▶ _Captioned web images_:
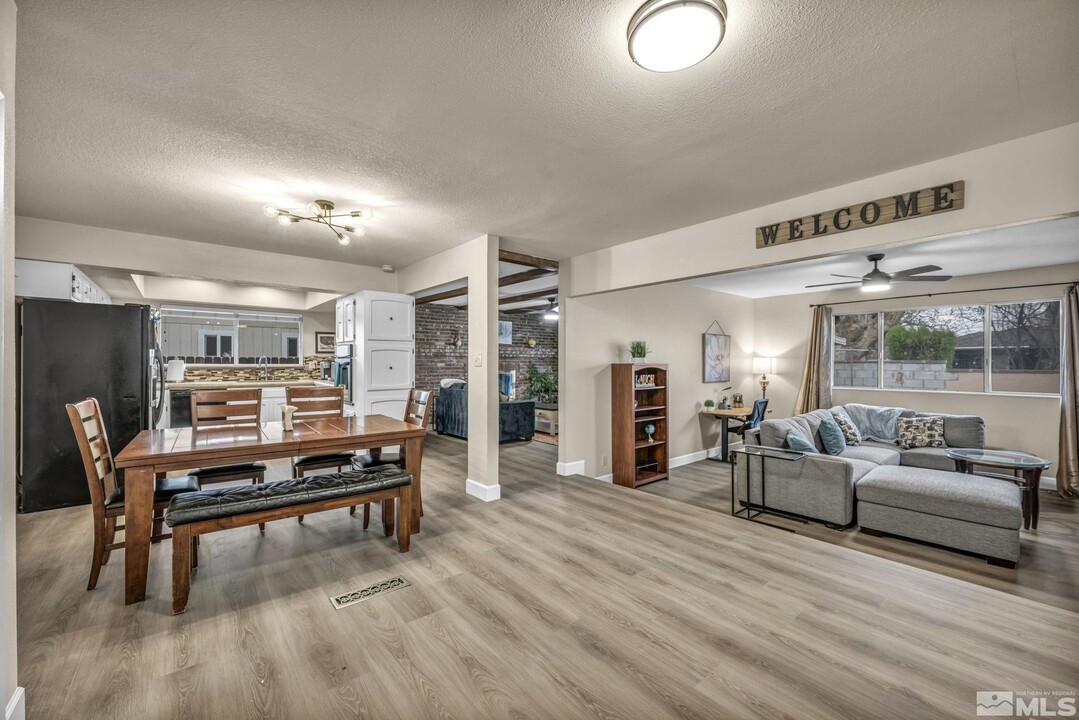 1490 Foster Dr in Reno, NV - Building Photo
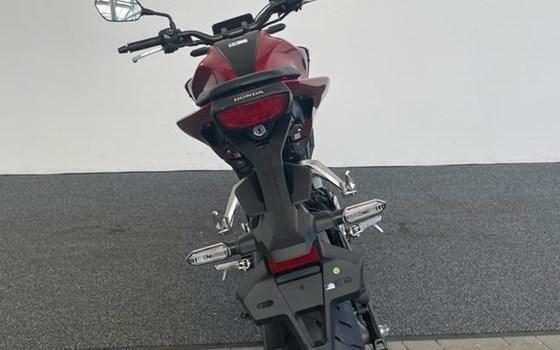 Neufahrzeug Honda CB125R - Bild 6 Neufahrzeug Honda CB125R - Bild 6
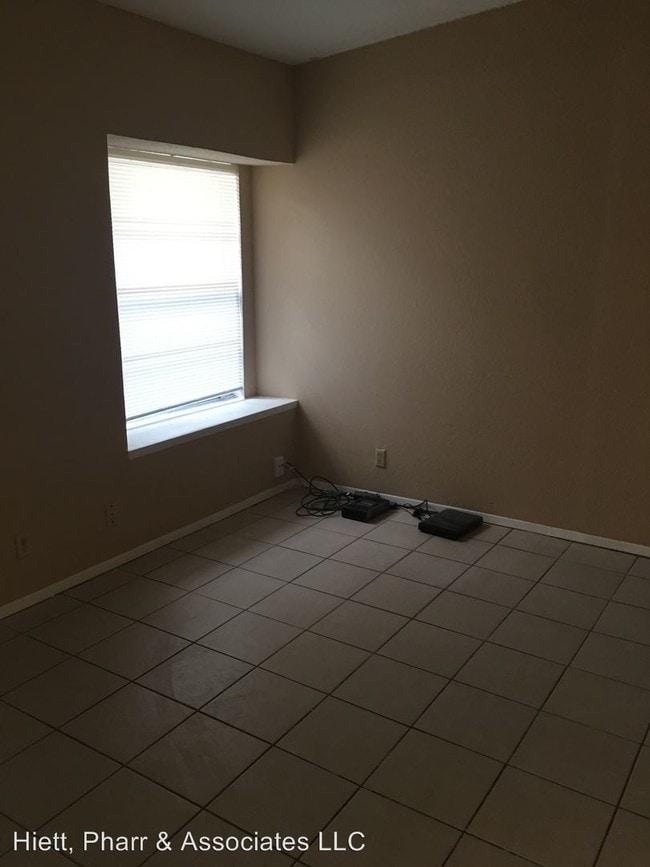 Building Photo - 600 White Cliffs Dr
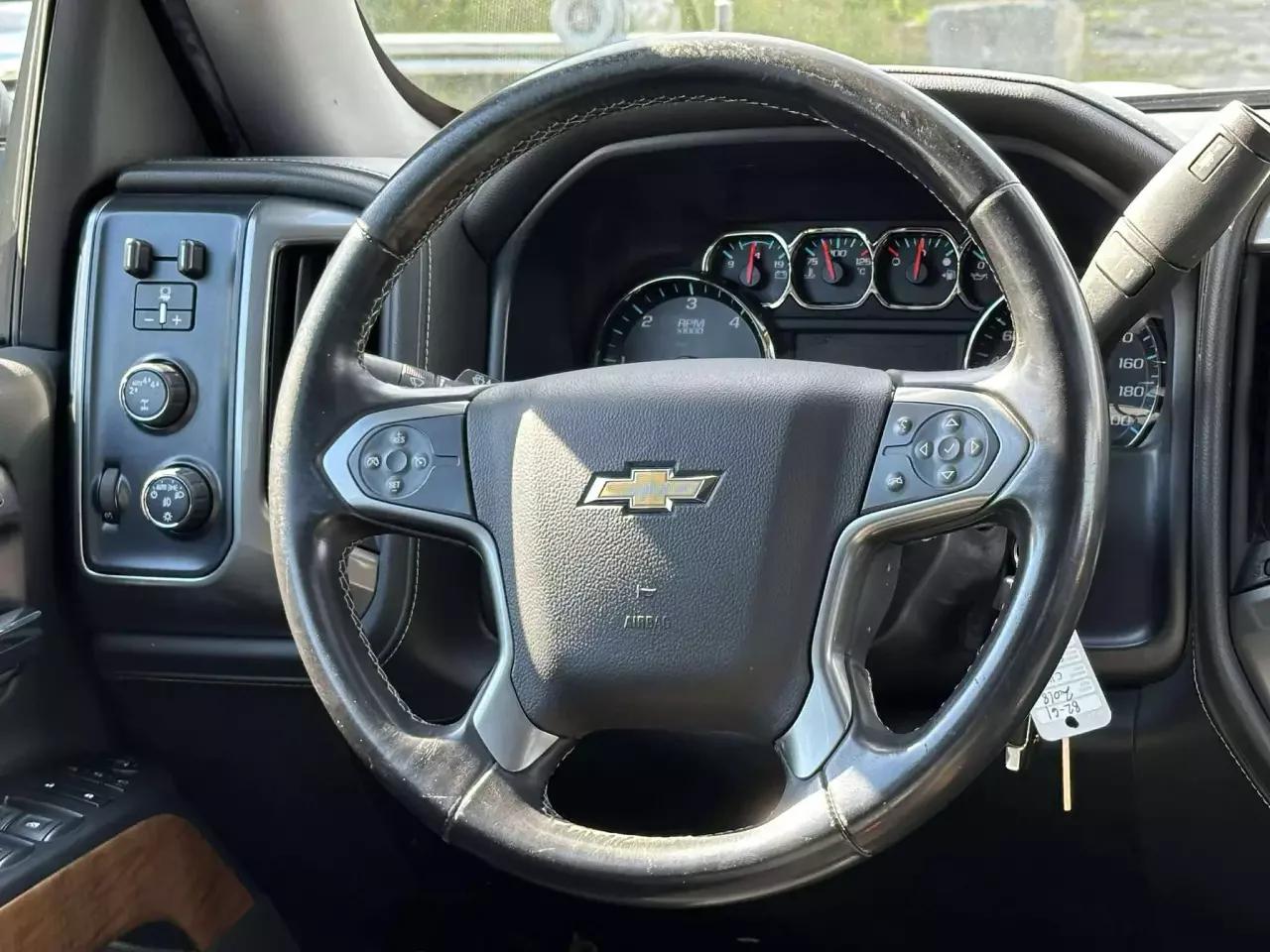 Chevrolet Silverado 1500 2018 - Image 16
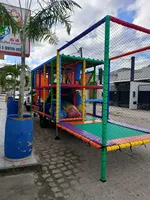 Aire de jeux mobile commerciale à haut rendement sur roues pour enfants, remorques de jeux mobiles, équipement souple pour fêtes en plein air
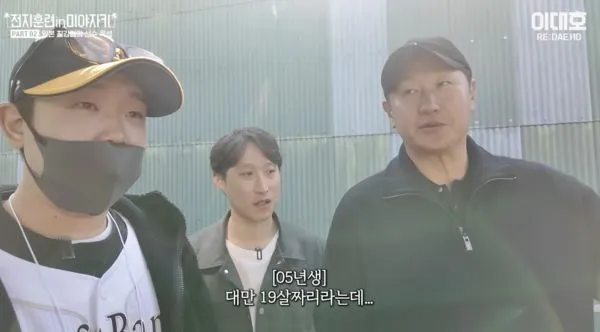 ▲李大浩讚嘆張峻瑋。（圖／翻攝自YouTube／이대호 [RE:DAEHO]）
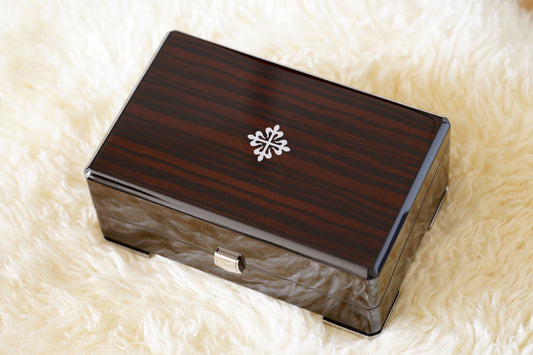 Patek Philippe NOS wood box Ref. H997.EM12 for Nautilus & Aquanaut models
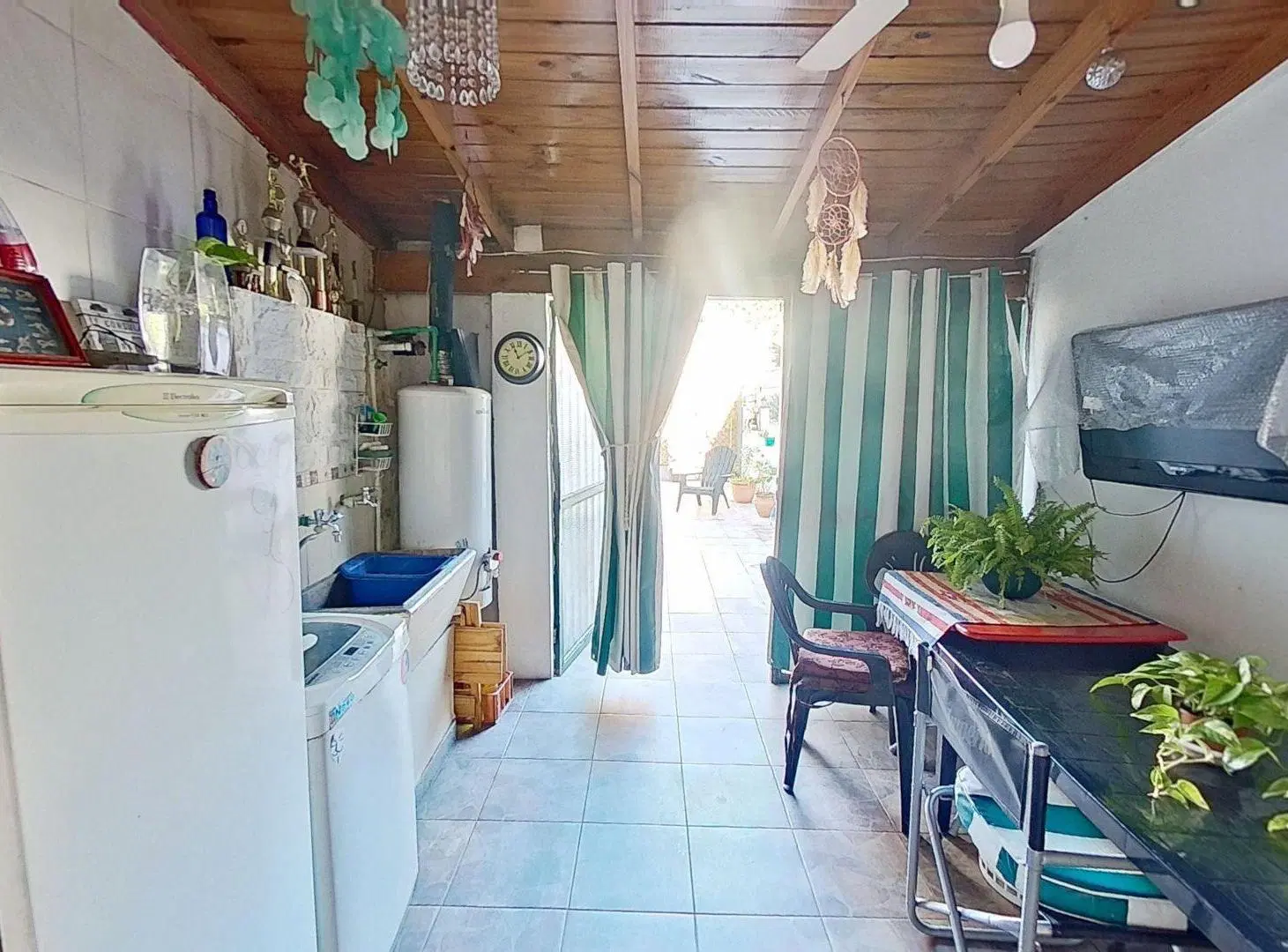 VENTA PH 3 AMB CON PATIO COCHERA VILLA LUZURIAGA 4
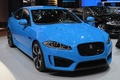 Salon de Genève 2013 - Jaguar XFR-S bleu 3/4 avant droit porte ouverte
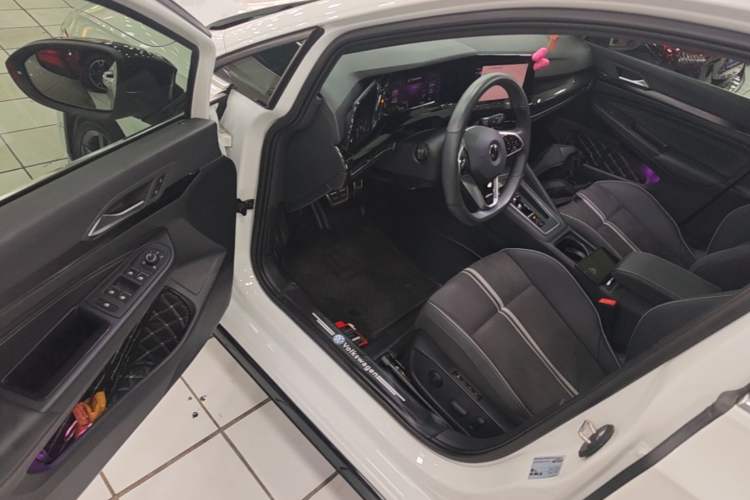 Used Volkswagen Golf 2024 280TSI DSG Pro Expert Edition Driver Seat
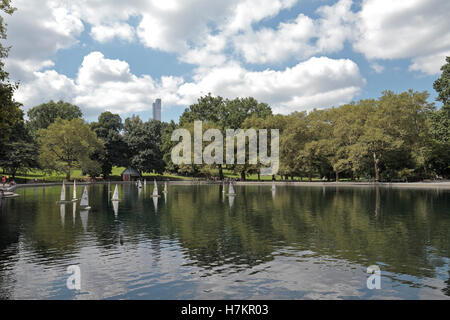 Modell Boote am Konservatorium Wasser im Central Park, Manhattan, New York, Vereinigte Staaten von Amerika. Stockfoto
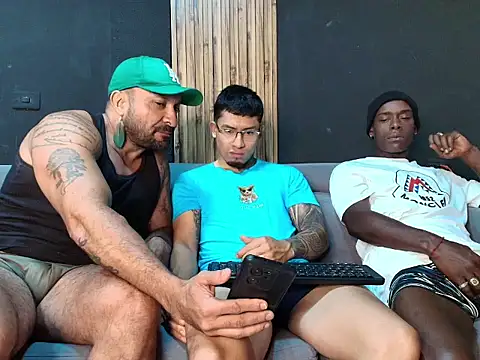 Snapshot of angelstream chatting on June 5, 2026, 12:55 pm angelstream online show from June 5, 2026, 12:55 pm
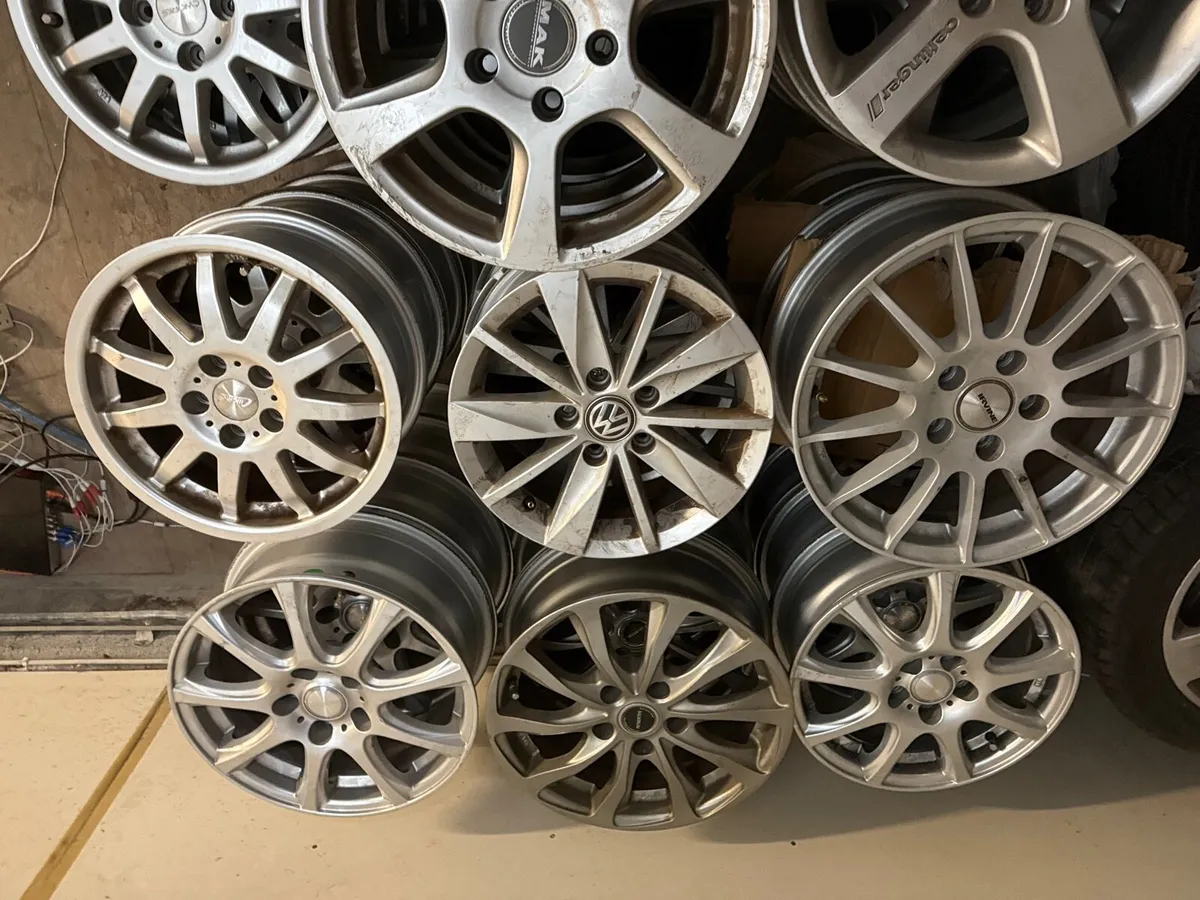 Alloy and spare wheels - Image 1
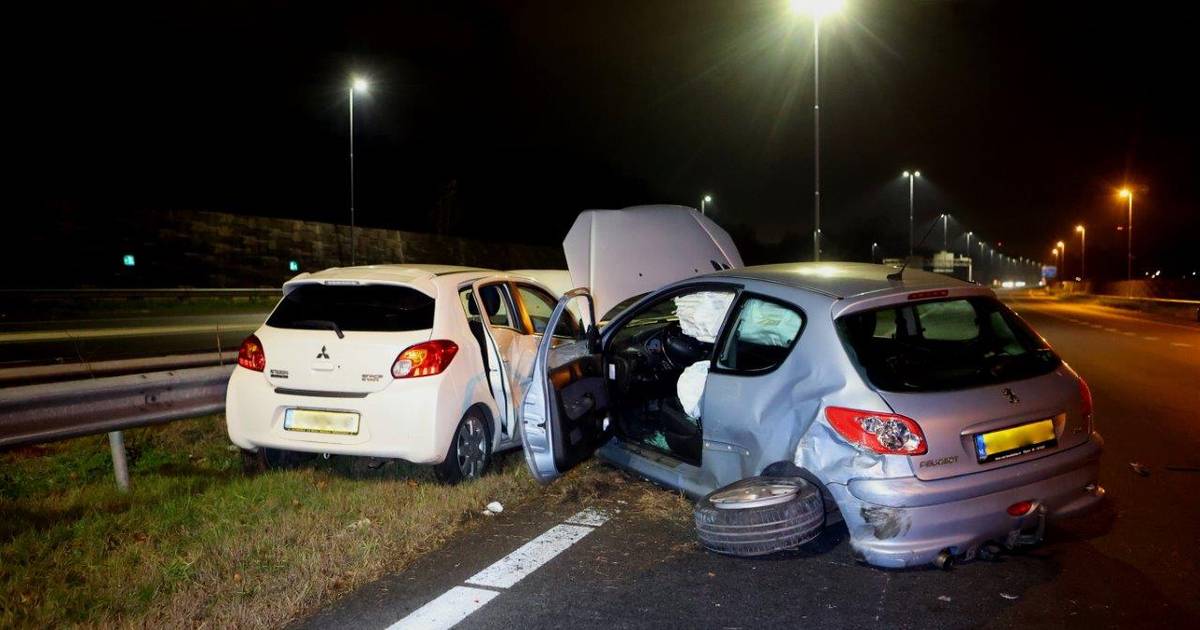 Auto verliest wiel en veroorzaakt botsing op A59 bij Den Bosch.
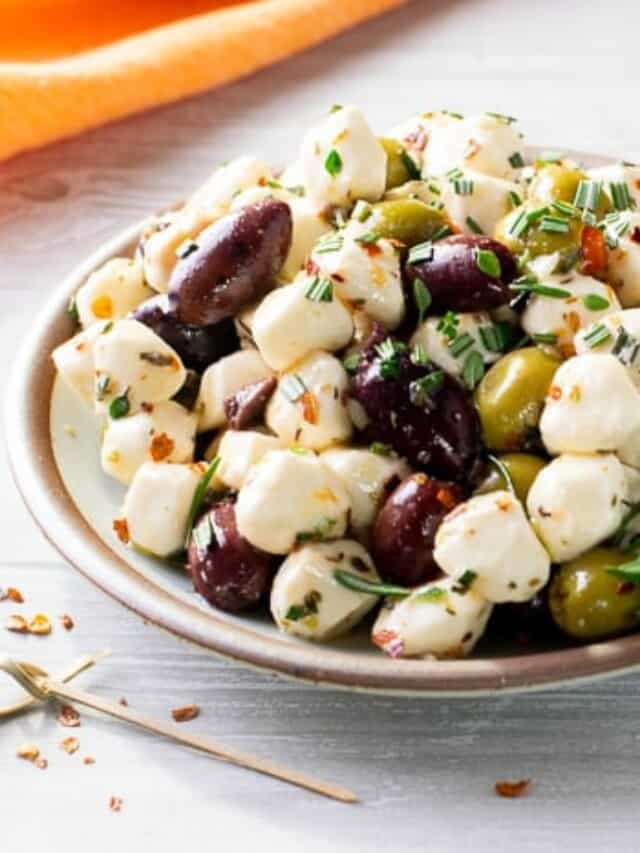 Marinated Mozzarella Pearls Biscuits Burlap marinated-mozzarella-pearls-biscuits-burlap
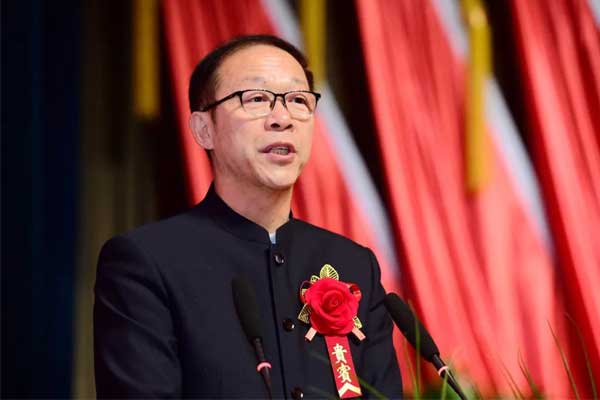 杨连民总裁作报告 杨连民总裁作报告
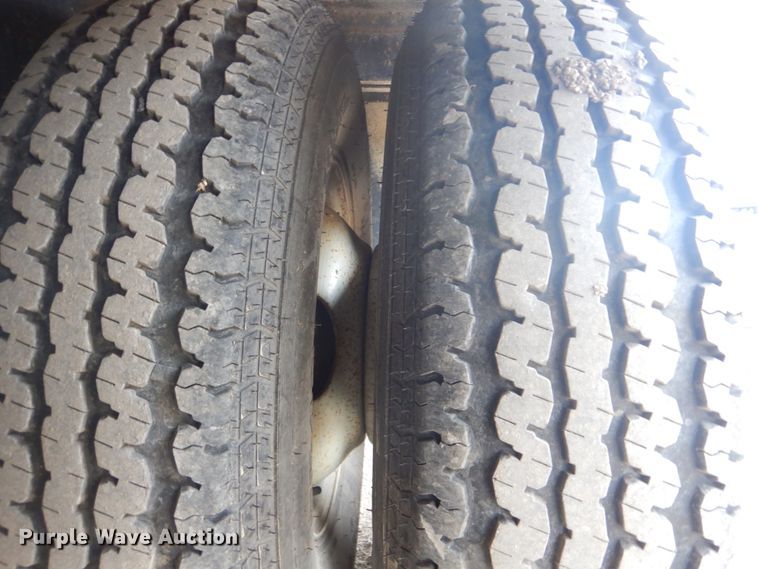 image for item GF9013 2007 Load-Max equipment trailer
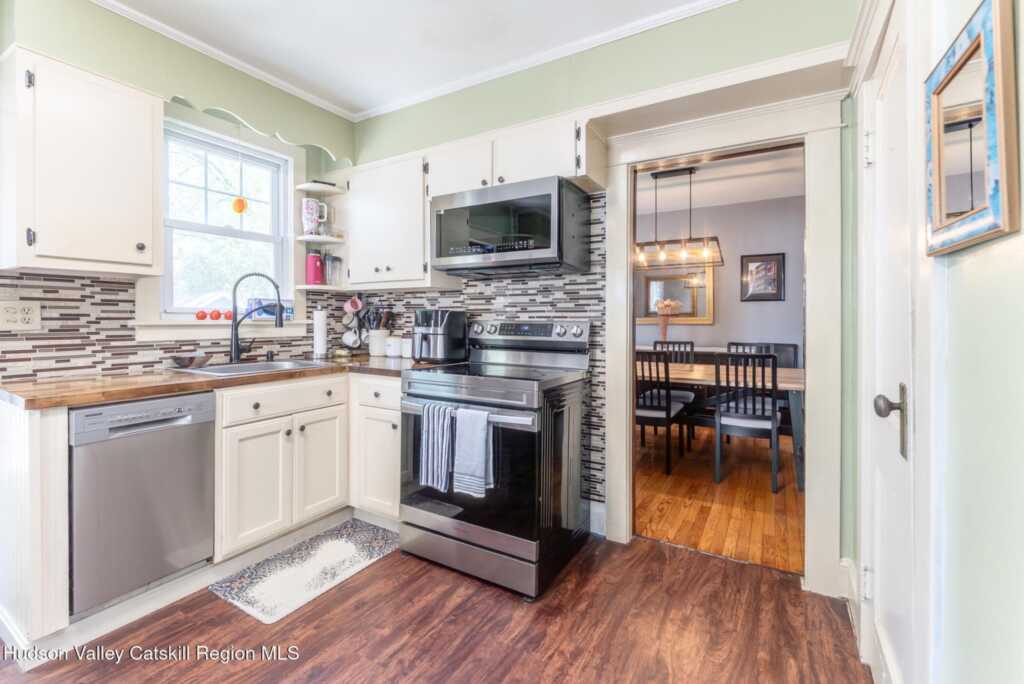 102 Emerson Street, Kingston, NY 12401 - Photo 25 of 50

▶ _Brief_:
Give again, exactly, the lines starting at the first entry above and ending at the line with "Salon de Genève"; please leave pictures out.

▶ _Worked solution_:
 1490 Foster Dr in Reno, NV - Building Photo
 Neufahrzeug Honda CB125R - Bild 6 Neufahrzeug Honda CB125R - Bild 6
 Building Photo - 600 White Cliffs Dr
 Chevrolet Silverado 1500 2018 - Image 16
 Aire de jeux mobile commerciale à haut rendement sur roues pour enfants, remorques de jeux mobiles, équipement souple pour fêtes en plein air
 ▲李大浩讚嘆張峻瑋。（圖／翻攝自YouTube／이대호 [RE:DAEHO]）
 Patek Philippe NOS wood box Ref. H997.EM12 for Nautilus & Aquanaut models
 VENTA PH 3 AMB CON PATIO COCHERA VILLA LUZURIAGA 4
 Salon de Genève 2013 - Jaguar XFR-S bleu 3/4 avant droit porte ouverte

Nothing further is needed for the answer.